Lo mismo podría decirse de Doñiños de Salamanca, localidad donde se han previsto cinco superficies industriales que abarcan en total cerca de 65,3 hectáreas. La primera de ellas tiene 15,7 y está pendiente de una depuradora; la segunda se halla en fase de tramitación y a falta de unos informes de la Confederación; la tercera comprende 11,9 hectáreas y está en plena fase de urbanización; la cuarta abarca 129.682 metros cuadrados y todavía no se ha empezado con su tramitación y la quinta y última, tiene 29,5 hectáreas, se está redactando el Plan Parcial y falta corregir unos informes de Confederación. La primera de ellas, que es la que está más avanzada, consta de 125 parcelas, cuatro aspirantes a ocuparlas y una parte de uso residencial.

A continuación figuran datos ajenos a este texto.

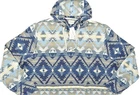Lucky Brand Men's Woven Jacquard Baja Poncho Hoodie Blue Cotton Size 4XLT NEW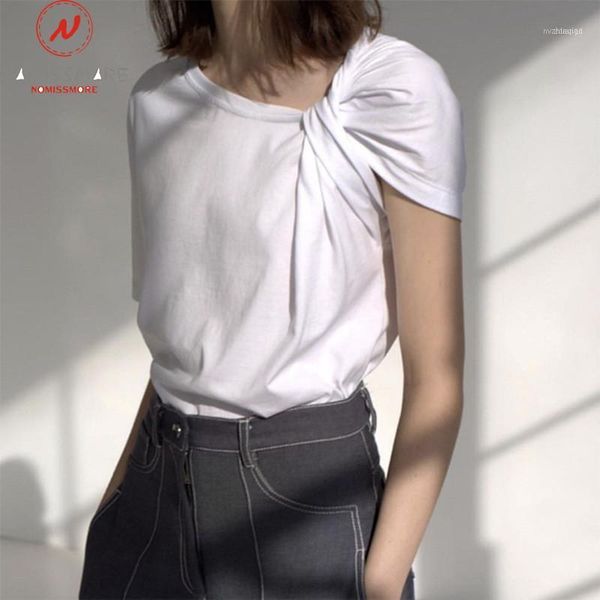 women's t-shirt fashion women summer solid color t-shirts kink irregular design o-neck short sleeve slim pullovers for streetwear1, White
women's t-shirt fashion women summer solid color t-shirts kink irregular design o-neck short sleeve slim pullovers for streetwear1, White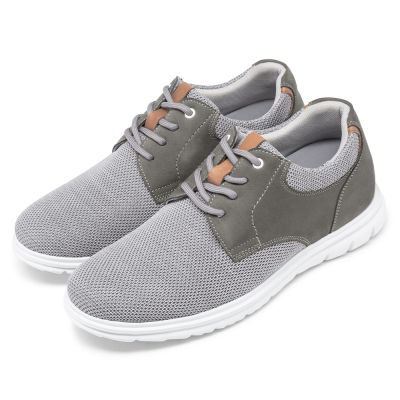 CHAMARIPA zapatos con alzas - zapatos altos hombre - zapatos casuales de punto gris hombres 7 CM Más Alto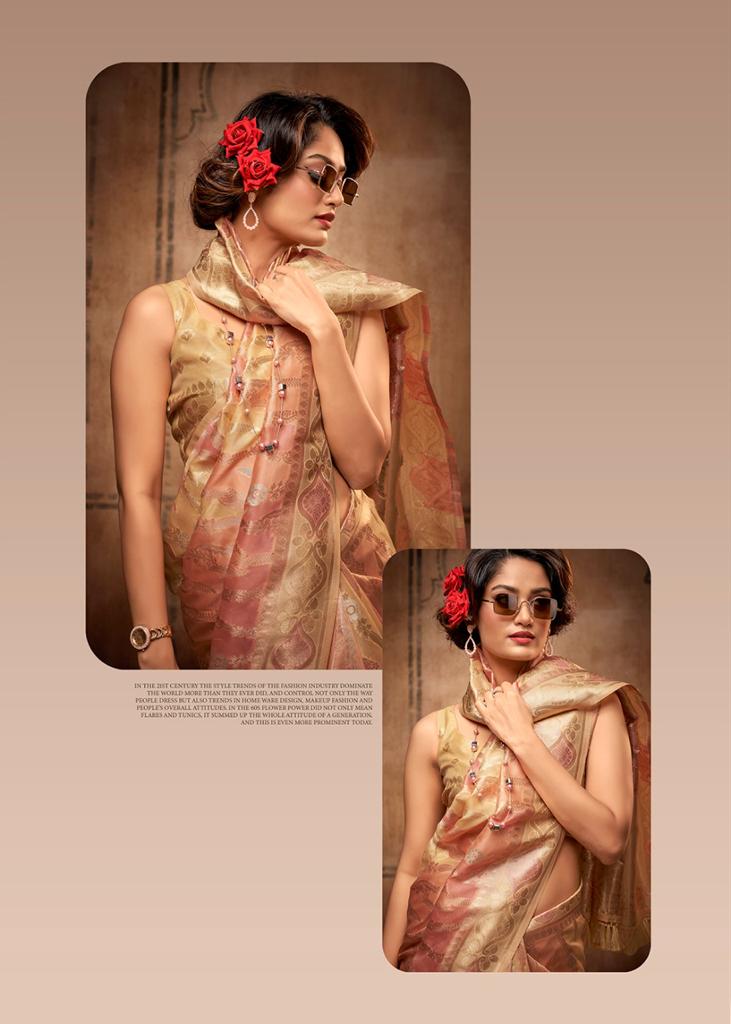 Pure Organza Silk Rainbow Multi Color Zari Weaved Saree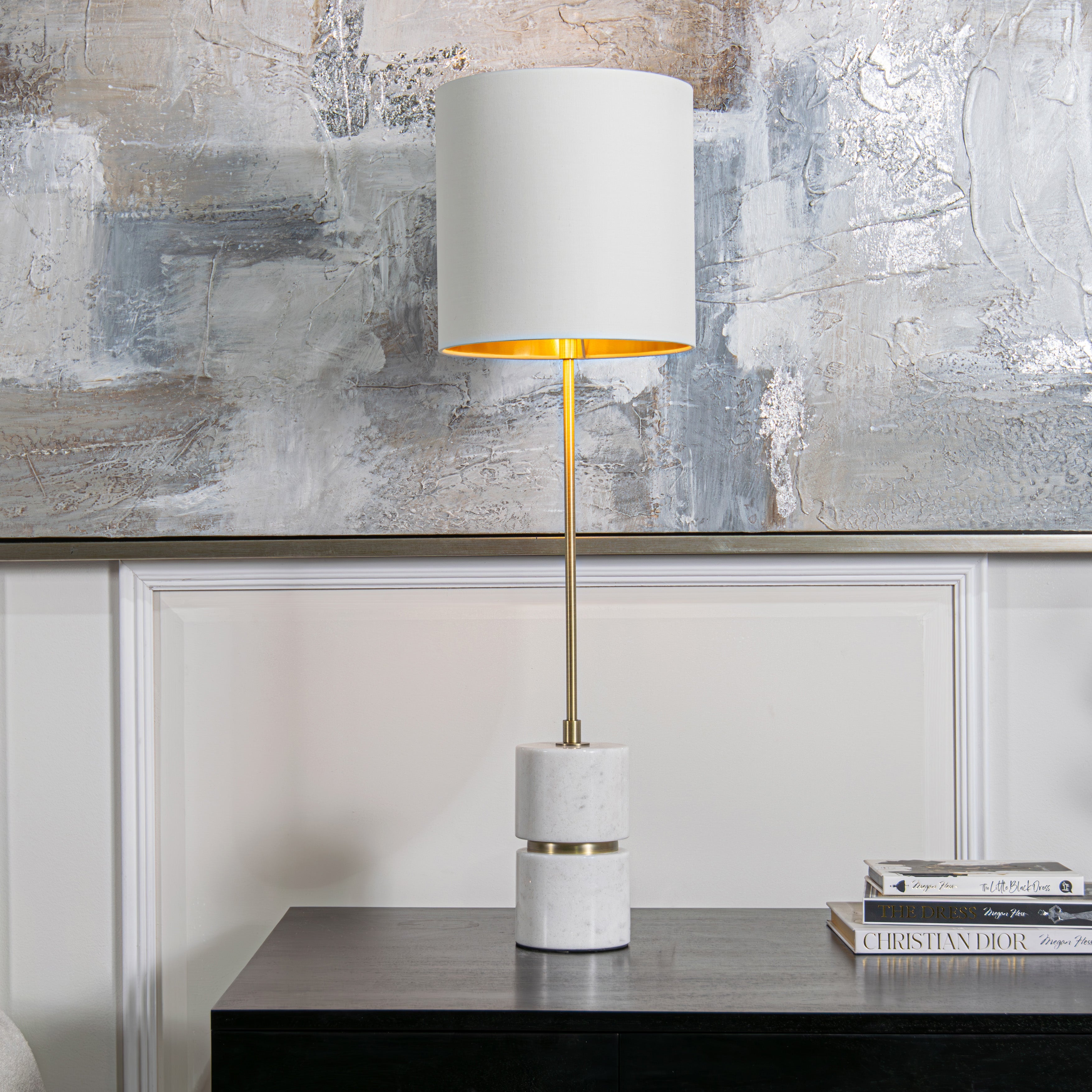 Robyn Tall White Marble Table Lamp by RV Astley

Por último, y por lo que se refiere a Calvarrasa de Abajo, la localidad no ha corrido mejor suerte. Cuenta en la actualidad con un pequeño polígono de dos hectáreas en el que se asientan doce empresas y que está a pleno rendimiento, pero quedan sobre la mesa otras 25 hectáreas recalificadas de suelo industrial. Tal y como asegura el alcalde, Ángel Curto, “el proyecto está parado, lo mismo que todo lo que huele a construcción, pero hay un sector de cinco hectáreas cuyo Plan Parcial está a punto de ser presentado por los promotores”. Estas 25 hectáreas están al lado de la carretera de Madrid, a ambos lados del municipio.